### What is being asked:
Would you please repeat the data exactly as given?

### Available data:
------

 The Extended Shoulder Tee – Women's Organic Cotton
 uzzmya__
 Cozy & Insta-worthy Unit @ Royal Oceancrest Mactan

------

### Reply:
 The Extended Shoulder Tee – Women's Organic Cotton
 uzzmya__
 Cozy & Insta-worthy Unit @ Royal Oceancrest Mactan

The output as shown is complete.